I had one of those truly memorable experiences with this picture – I spent much of it thinking that the one person in the world that needed to see the flick was Guillermo Del Toro. Back to CHRONOS, GDT has long been suggesting that part of what made fairy tales compelling was the fact that they often had elements of real horror. Many of his works delve deeply into this dark nature of children’s stories, and while RARE EXPORTS doesn’t quite plumb those depths, it nonetheless doesn’t shy away from the dark edge of the macabre. Thanks to the strange bubble that occurs at TIFF, I happened to run into GDT about 10 hours after my screening, and got to effuse to him my views of this little gem of a flick.
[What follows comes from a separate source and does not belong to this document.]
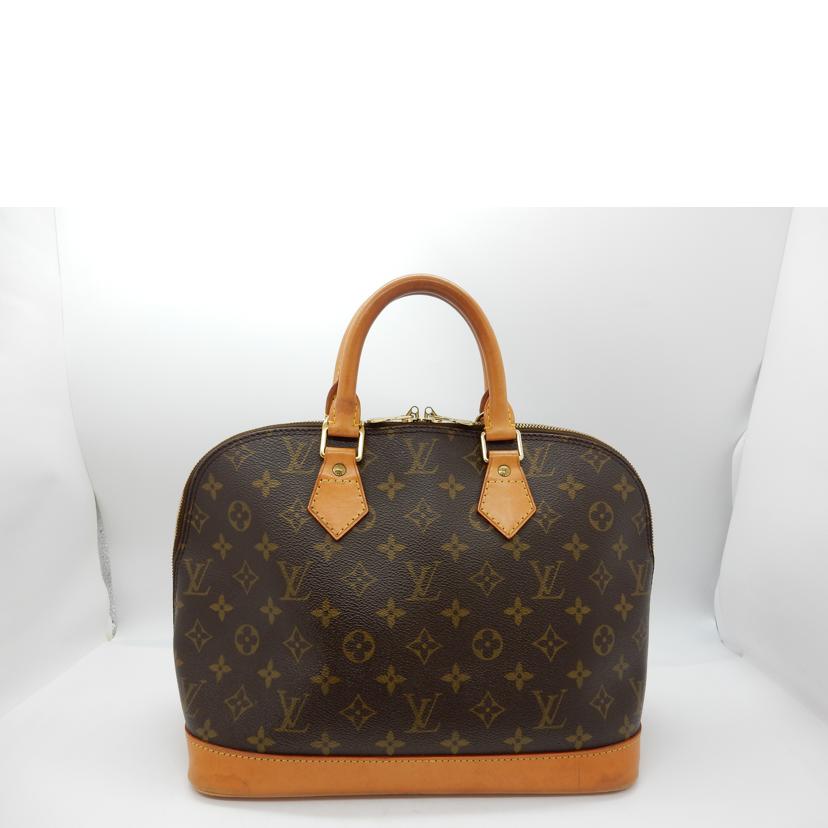 ＬＶ ﾙｲｳﾞｨﾄﾝ/アルマＰＭ／モノグラム／ハンドバッグ/M51130//BA0997/Bランク/02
If I’ve done one thing this year at the festival, I’ve turned this great filmmaker onto this gem of an import from Scandanavia.
The story of RARE EXPORTS is unique enough – a community is caught in the fear of Santa Claus, a type of wild, mythical creature, who stalks members of a remote town in Finland. As a pair of boys get into mischief, the town must bind together to try and tame this force of nature.
The film borrows heavily from the likes of JURASSIC PARK, and plays at the same level of “scary” as the first film in that series. While we never really feel the main protagonists (particularly the young ones) are going to die, the danger of their predicaments is shown with enough suspense that the audience can genuinely feel anxious about the outcome. North American films are littered with films where the tropes of the scary film are glossed onto a film with young people, yet there’s a form of censored restraint that essentially neuters any mood of real dread. RARE EXPORTS may not compete with the fashionable torture porn genre, but it’s effective enough at creating a rich, compelling world where we’re genuinely vested in the safety of our leads.
The scope of the production never belies the modest budget, and the assured performances are well directed, shaming once again many North American counterpart films of this nature, and the denouement is an absolute delight. This is by far the most fun I’ve had at a Christmas themed film, and sure to brighten the sprits of anybody willing to succumb to its creepy charms.